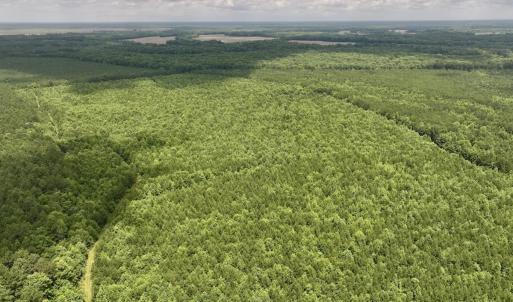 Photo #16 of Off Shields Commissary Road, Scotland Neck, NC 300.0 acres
---
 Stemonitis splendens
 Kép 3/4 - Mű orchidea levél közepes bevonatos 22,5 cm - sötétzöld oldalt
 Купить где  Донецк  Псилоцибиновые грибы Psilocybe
* * *
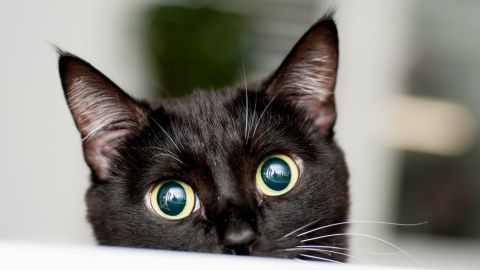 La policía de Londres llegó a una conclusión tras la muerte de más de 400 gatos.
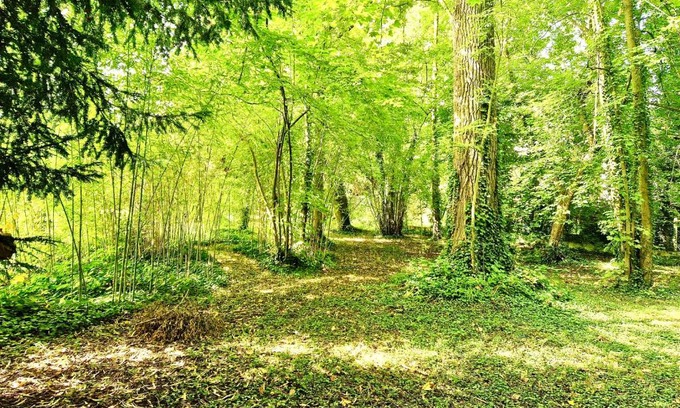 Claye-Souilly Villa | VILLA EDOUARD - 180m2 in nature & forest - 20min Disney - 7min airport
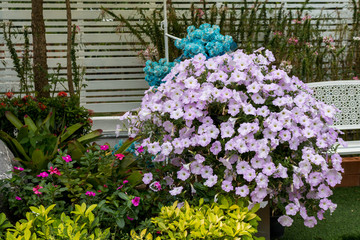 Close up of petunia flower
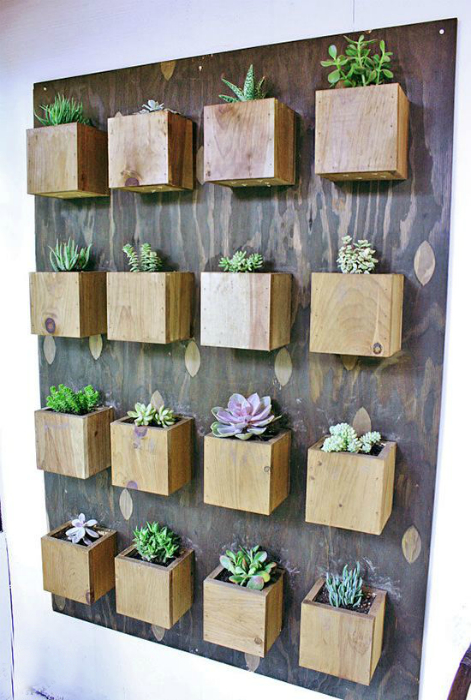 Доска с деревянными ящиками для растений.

#### [ABOUT THIS TASK]
In the entries above, find the line holding "Stemonitis splendens" and the line holding "Псилоцибиновые грибы Psilocybe", then retype exactly those two lines and every line between them, and nothing else.

#### [FINISHED EXERCISE]
 Stemonitis splendens
 Kép 3/4 - Mű orchidea levél közepes bevonatos 22,5 cm - sötétzöld oldalt
 Купить где  Донецк  Псилоцибиновые грибы Psilocybe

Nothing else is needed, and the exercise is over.